4. Typology of Emerging Threats.

China in the Indian Ocean

China’s demand for energy motivates both its foreign policy and national security policy. It approaches the Indian Ocean as a landlocked power, actively seeking ports to secure access to the ocean. Over the past decade, China has consistently expanded its maritime presence in the Indian Ocean littoral, employing a combination of continuous naval deployments, arms sales, the establishment of bases and access facilities, intensified military diplomacy, and the fostering of special political relations with coastal nations.
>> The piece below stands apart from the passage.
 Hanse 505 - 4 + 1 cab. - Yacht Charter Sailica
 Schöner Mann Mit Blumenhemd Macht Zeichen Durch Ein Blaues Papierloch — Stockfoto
Additionally, China has utilised developmental finance as a strategic tool and has cited anti-piracy operations in the Gulf of Aden to justify its increased presence and activities in the region.

Chinese navy and survey vessels have regularly operated in the Andaman Sea and the Bay of Bengal, occasionally entering India’s Exclusive Economic Zone (EEZ) without prior notice, demonstrating this widespread tendency. In recent years, China’s economic and strategic connections with Bangladesh, Myanmar, Thailand, and Malaysia in the eastern Indian Ocean and the Bay of Bengal have grown, indicating its expanding strategic clout in this region.

The aspirations of both China and India to achieve great power status and ensure energy security have prompted a strategic shift from a land-centric to a sea-centric focus. This ongoing maritime rivalry has intensified the geopolitical competition in the region, making the Indian Ocean the focal point of great power dynamics and strategic manoeuvring.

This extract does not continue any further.